NASA launches giant rover ‘curiosity’ to Mars
The world's biggest extra-terrestrial explorer, NASA's Curiosity rover, rocketed toward Mars on Saturday on a search for evidence that the red planet might once have been home to itsy-bitsy life.
It will take eight-and-a-half months for Curiosity to reach Mars following a journey of 354 million miles.
An unmanned Atlas V rocket hoisted the rover, officially known as Mars Science Laboratory, into a cloudy late morning sky.
A Mars frenzy gripped the launch site, with more than 13,000 guests jamming the space centre for NASA's first launch to Earth's next-door neighbor in four years, and the first send-off of a Martian rover in eight years.
The primary goal of the $2.5 billion mission is to see whether cold, dry, barren Mars might have been hospitable for microbial life once upon a time - or might even still be conducive to life now. No actual life detectors are on board; rather, the instruments will hunt for organic compounds.
Curiosity's 7-foot arm has a jackhammer on the end to drill into the Martian red rock, and the 7-foot mast on the rover is topped with high-definition and laser cameras. No previous Martian rover has been so sophisticated or capable.
With Mars the ultimate goal for astronauts, NASA also will use Curiosity to measure radiation at the red planet. The rover also has a weather station on board that will provide temperature, wind and humidity readings; a computer software app with daily weather updates is planned.
The world has launched more than three dozen missions to the ever-alluring Mars, which is more like Earth than the other solar-system planets. Yet fewer than half those quests have succeeded.

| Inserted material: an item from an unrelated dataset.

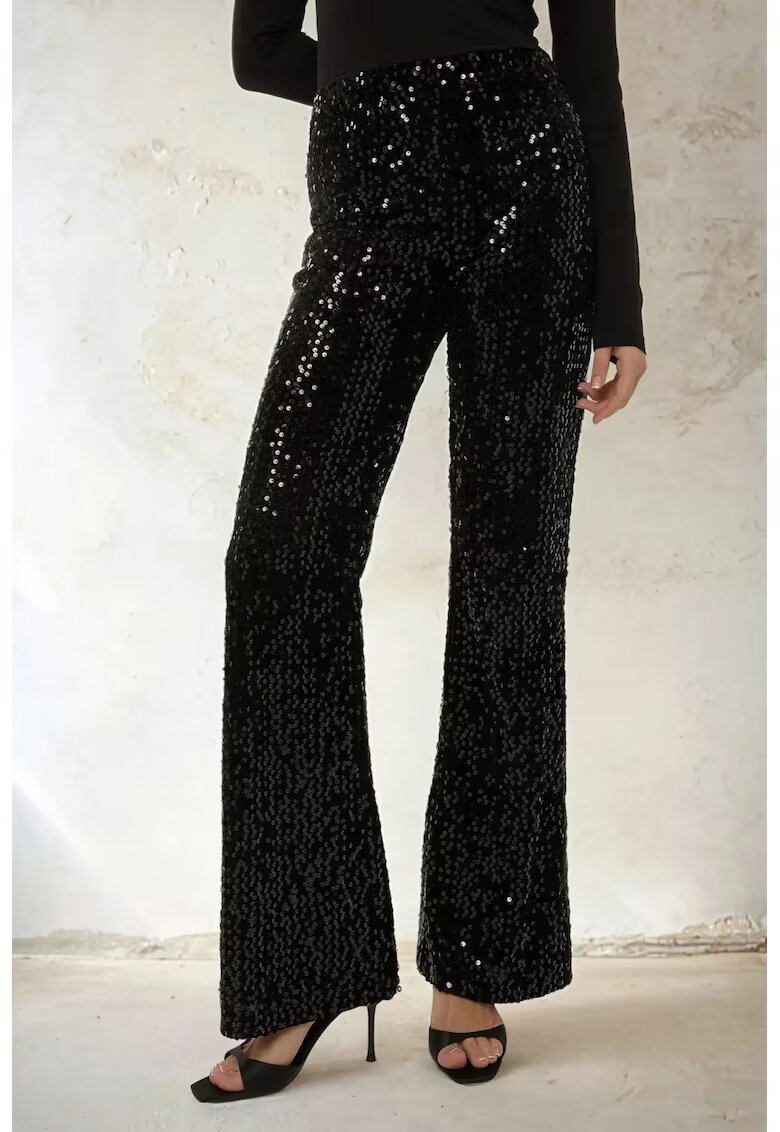 HiCCUP Pantaloni dama - evazati cu paiete - negru - poliester-elastan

Curiosity's arrival next August will be particularly hair-raising.
In a spacecraft first, the rover will be lowered onto the Martian surface via a jet pack and tether system similar to the sky cranes used to lower heavy equipment into remote areas on Earth.
Curiosity is too heavy to use air bags like its much smaller predecessors, Spirit and Opportunity, did in 2004. Besides, this new way should provide for a more accurate landing.
Astronauts will need to make similarly precise landings on Mars one day.
Curiosity will spend a minimum of two years roaming around Gale Crater, chosen as the landing site because it's rich in minerals.
Scientists said if there is any place on Mars that might have been ripe for life, it would be there.